▸ Problem:
Copy each line below as written, but skip the pictures.

[Material to process Boundary: Start]

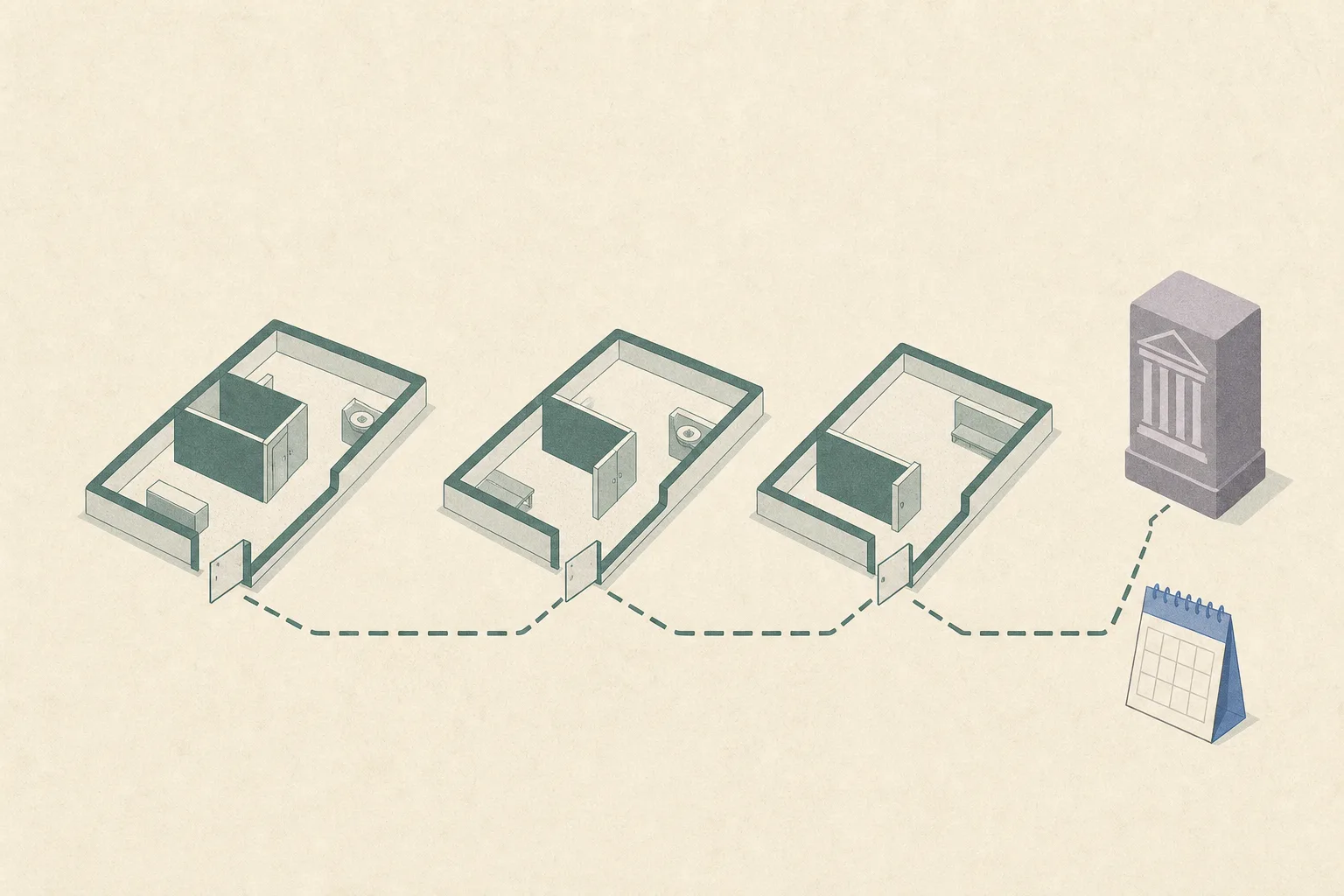 An abstract cut-paper diagram of three empty clinic floor plans linked by a broken line, each with a closed privacy partition; a small court-like block and a future calendar tile sit at the far end.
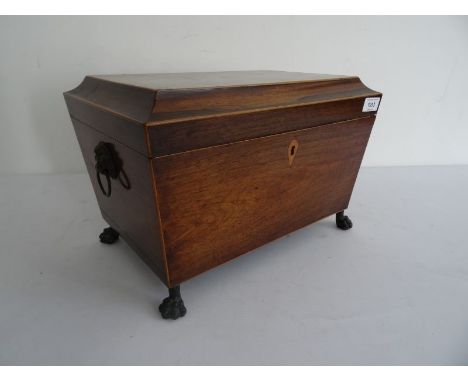 19th century rosewood and satinwood&nbsp; inlaid tea caddy box on four carved claw feet, the interior fitted with removable h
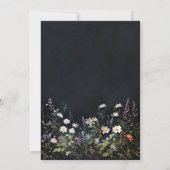 Donker Romantische Dusk Moody Wildflowers Bruiloft Kaart (Achterkant)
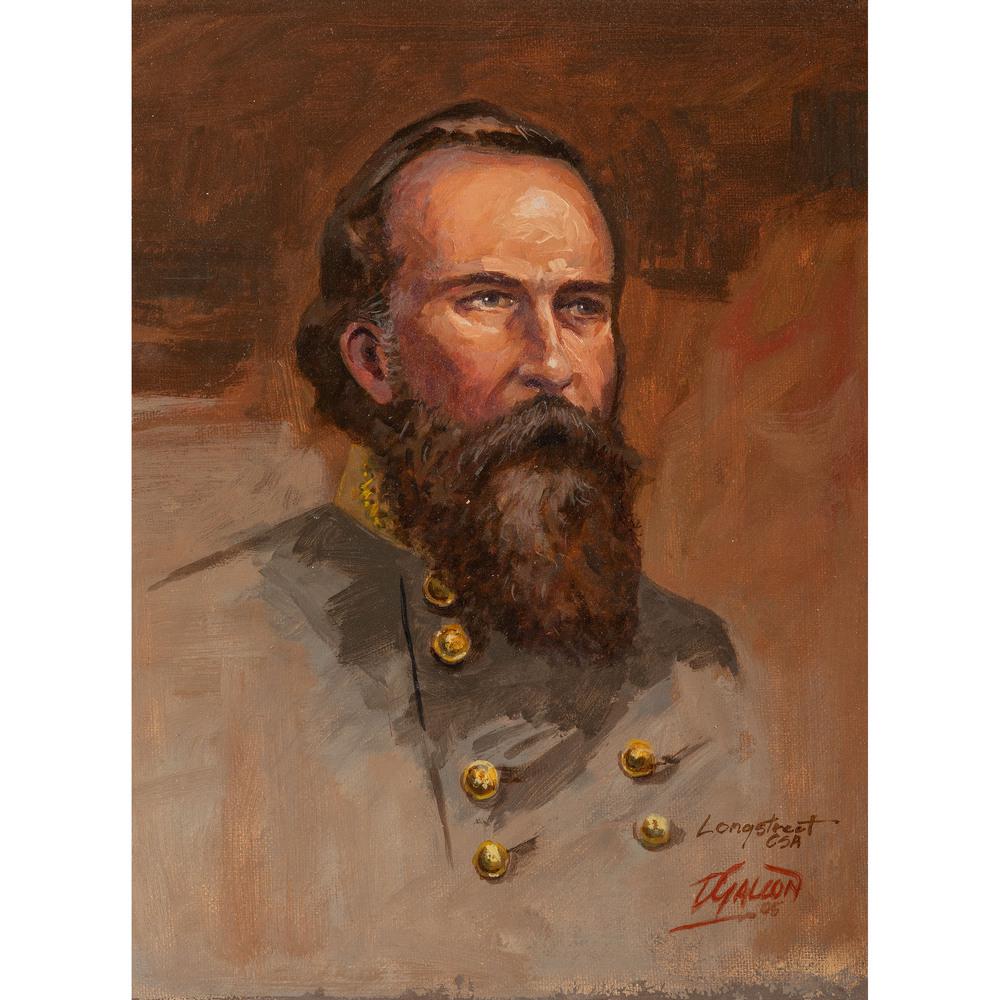 [LONGSTREET, James (1821-1904)]. GALLON, Dale, artist.: 8 1/2 x 11 1/2 in. oil on canvas (visible image), housed in gilded wooden frame with brass plaque identifying subject and artist, 16 3/4 x 19 3/4 in. (some surface loss, few hairline cracks). Titled l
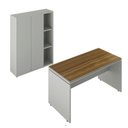 Ver imagem 2 de Conjunto de Escritório Office 2 Peças Mesa e Armário Hera - Via Nossa - Fendi e Freijó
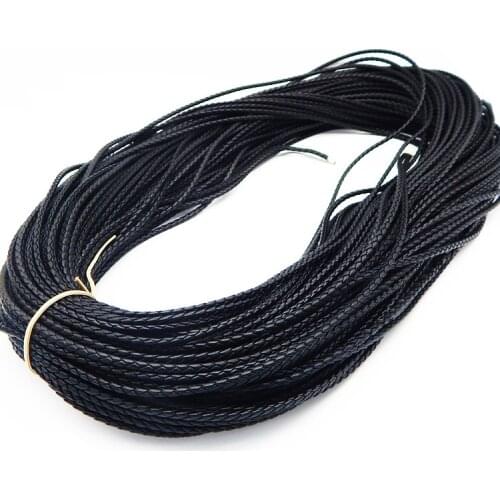 5meter Black Braided PU Leather Bracelet Findings 3/4/5/6mm Round Leather Jewelry Cord String Rope DIY Necklace Bracelet Making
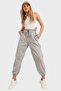 Women's Gray Melange Transitional Elastic-Cuffed Double Yarn Sweatpants ALC-Y2933 - 3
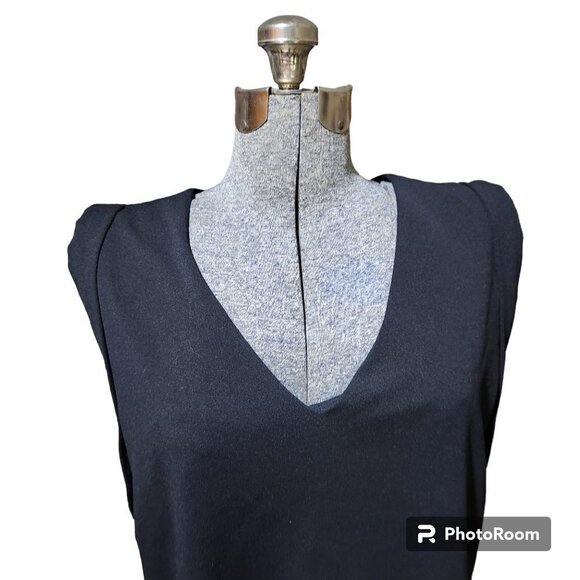 Banana Republic Blouse Womens V Neck Sleeveless Black Shirt Side Slits - Picture 4 of 9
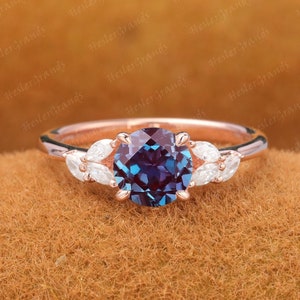 Anillo de plata 925 para mujer, anillo de compromiso de alejandrita, anillo de bodas de forma redonda, anillo de compromiso, regalo de aniversario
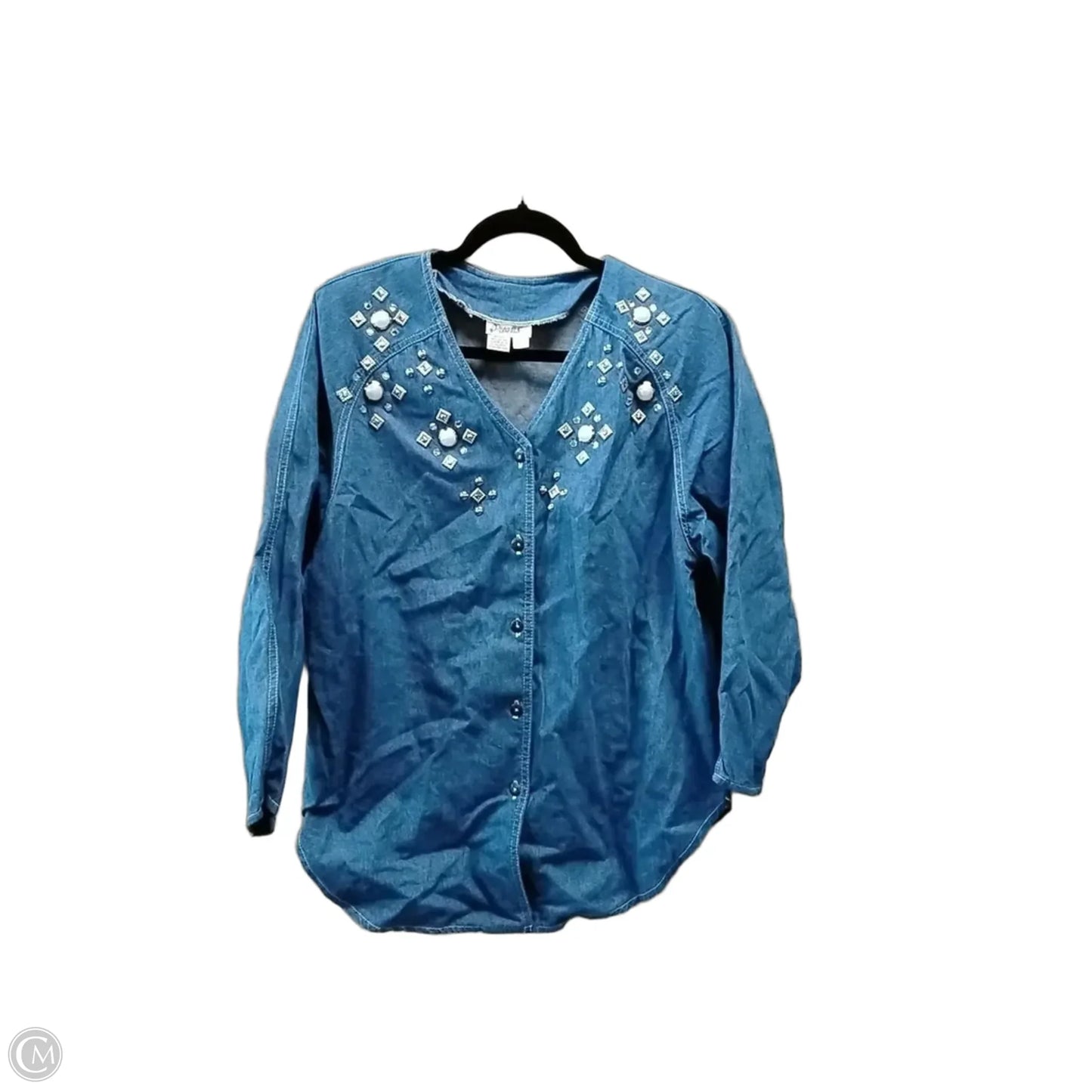 Top Long Sleeve By Clothes Mentor In Blue, Size: M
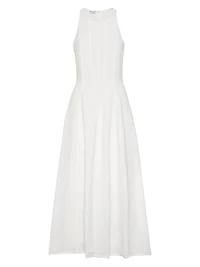 Viscose and Linen Fluid Twill Dress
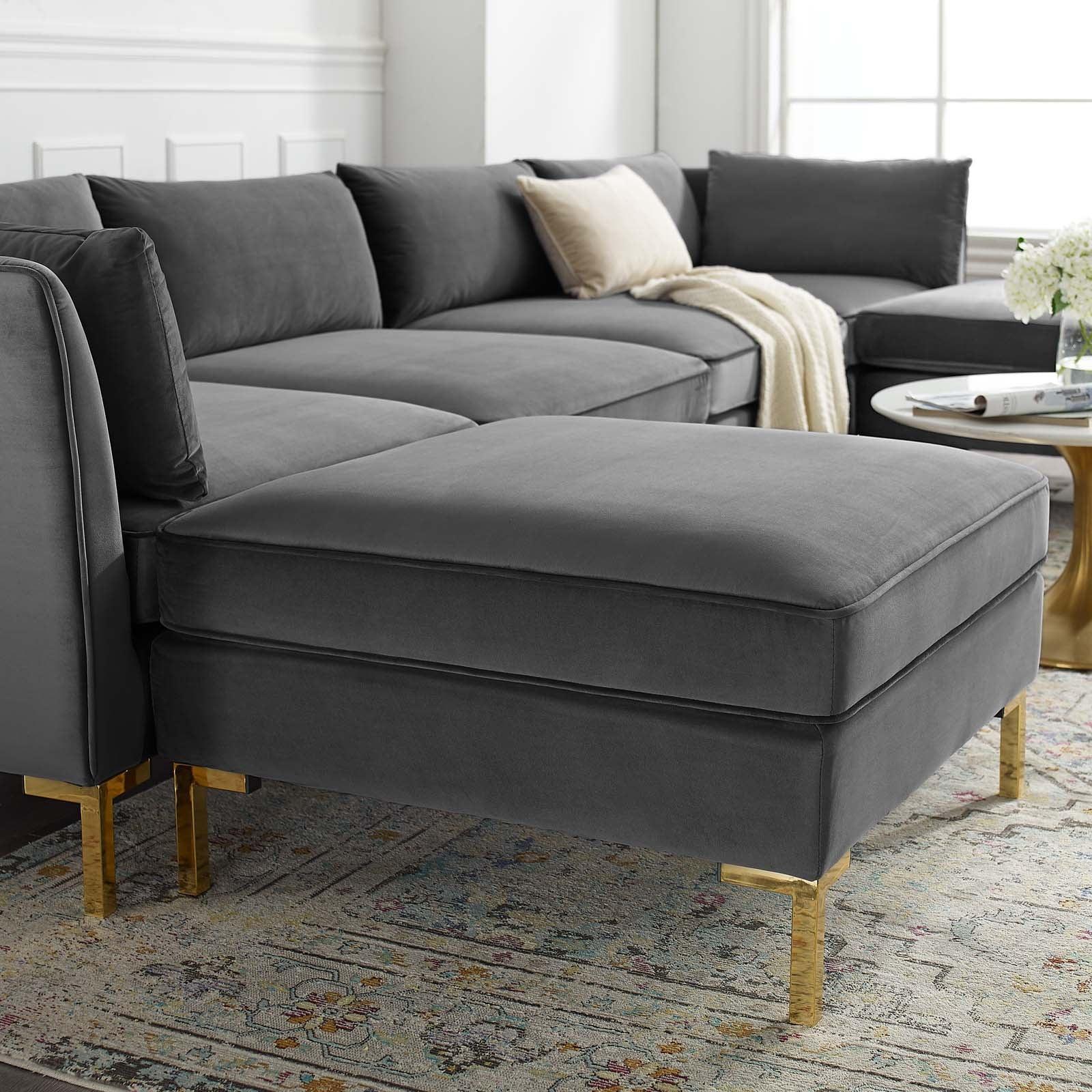 Modway Ardent 6-Piece Performance Velvet Sectional Sofa FredCo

[Material to process Boundary: End]

▸ Written solution:
 An abstract cut-paper diagram of three empty clinic floor plans linked by a broken line, each with a closed privacy partition; a small court-like block and a future calendar tile sit at the far end.
 19th century rosewood and satinwood&nbsp; inlaid tea caddy box on four carved claw feet, the interior fitted with removable h
 Donker Romantische Dusk Moody Wildflowers Bruiloft Kaart (Achterkant)
 [LONGSTREET, James (1821-1904)]. GALLON, Dale, artist.: 8 1/2 x 11 1/2 in. oil on canvas (visible image), housed in gilded wooden frame with brass plaque identifying subject and artist, 16 3/4 x 19 3/4 in. (some surface loss, few hairline cracks). Titled l
 Ver imagem 2 de Conjunto de Escritório Office 2 Peças Mesa e Armário Hera - Via Nossa - Fendi e Freijó
 5meter Black Braided PU Leather Bracelet Findings 3/4/5/6mm Round Leather Jewelry Cord String Rope DIY Necklace Bracelet Making
 Women's Gray Melange Transitional Elastic-Cuffed Double Yarn Sweatpants ALC-Y2933 - 3
 Banana Republic Blouse Womens V Neck Sleeveless Black Shirt Side Slits - Picture 4 of 9
 Anillo de plata 925 para mujer, anillo de compromiso de alejandrita, anillo de bodas de forma redonda, anillo de compromiso, regalo de aniversario
 Top Long Sleeve By Clothes Mentor In Blue, Size: M
 Viscose and Linen Fluid Twill Dress
 Modway Ardent 6-Piece Performance Velvet Sectional Sofa FredCo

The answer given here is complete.